Incipit di alcune opere

Diario dell'anno della peste

Ai primi di settembre del 1664 cominciò a correre voce a Londra, e anch'io ne intesi parlare nel mio quartiere, che in Olanda c'era di nuovo la peste.
[citato in Fruttero & Lucentini, Íncipit, Mondadori, 1993]

Memorie di un cavaliere

Come prova del fatto assai plausibile che queste memorie furono scritte molti anni fa, le persone che ora si occupano della loro pubblicazione, si sentono di assicurare al lettore che ne sono in possesso nella versione in cui ora appaiono da oltre vent'anni; e che tali Memorie furono rinvenute per caso molto tempo fa tra altre carte di valore nello studio di un eminente ministro, figura non meno importante di uno dei segretari di stato di re Guglielmo.

Il colonnello Jack

Lettore, ormai è pacifico che un libro di questo genere abbia bisogno di una prefazione che lo immetta nel mondo con più profitto; tanto pacifico che non riesco a ometterla, sebbene fra tutti i libri che mai siano usciti io sono convinto che il mio sia l'ultimo ad averne bisogno: perché le cose amene e gradevoli si giustificano da sé, e le cose utili e istruttive sono tante qui dentro, e pregne di tanta edificazione che a voler fare adesso delle chiose morali al soggetto in tutta la sua varietà ci vorrebbe un altro libro di uguale portata. Cadono qui a punto varie e giuste considerazioni sui felici vantaggi di una educazione sana e ben regolata e sulla rovina, in mancanza di essa, di tante migliaia dei nostri giovani di ogni condizione. E anche sul fatto che tante scuole pubbliche e istituti di carità dovrebbero migliorarsi ed equipaggiarsi in modo da impedire la rovina di tanti poveri bambini che in questa città, ogni anno, noi ingrassiamo per la forca.

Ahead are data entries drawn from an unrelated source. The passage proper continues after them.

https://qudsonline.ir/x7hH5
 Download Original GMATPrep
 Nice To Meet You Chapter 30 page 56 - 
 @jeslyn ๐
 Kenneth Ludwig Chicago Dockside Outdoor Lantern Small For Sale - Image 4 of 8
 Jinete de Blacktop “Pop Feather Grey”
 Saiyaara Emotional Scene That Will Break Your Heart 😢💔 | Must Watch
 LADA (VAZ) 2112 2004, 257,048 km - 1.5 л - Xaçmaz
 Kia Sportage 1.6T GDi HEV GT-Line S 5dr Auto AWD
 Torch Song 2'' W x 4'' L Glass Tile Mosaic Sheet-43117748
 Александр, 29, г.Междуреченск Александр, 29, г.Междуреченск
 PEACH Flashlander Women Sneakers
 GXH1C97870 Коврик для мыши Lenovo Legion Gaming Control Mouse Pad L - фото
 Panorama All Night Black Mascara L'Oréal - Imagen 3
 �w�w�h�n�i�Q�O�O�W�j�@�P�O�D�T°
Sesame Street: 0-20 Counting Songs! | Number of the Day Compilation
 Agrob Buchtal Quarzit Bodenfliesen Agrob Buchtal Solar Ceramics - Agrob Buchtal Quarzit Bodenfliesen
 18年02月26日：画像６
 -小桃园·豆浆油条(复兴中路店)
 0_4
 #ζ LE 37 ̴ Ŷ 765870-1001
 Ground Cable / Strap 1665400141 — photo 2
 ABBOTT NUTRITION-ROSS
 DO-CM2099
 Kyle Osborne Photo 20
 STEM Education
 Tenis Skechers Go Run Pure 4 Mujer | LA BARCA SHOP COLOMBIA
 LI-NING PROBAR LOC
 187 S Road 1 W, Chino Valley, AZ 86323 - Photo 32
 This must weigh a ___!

Il fantasma che stava in tutte le stanze

Una persona di un certo livello, che come al solito trascorreva l'estate con la famiglia nella sua casa di campagna, fu obbligata, per particolari motivi di salute, a lasciare la detta casa e ad andare ad Aix-la-Chapelle a fare la cura delle acque. Successe, si dice, nel mese di agosto, due mesi prima dell'epoca in cui solitamente tornava a casa per l'inverno.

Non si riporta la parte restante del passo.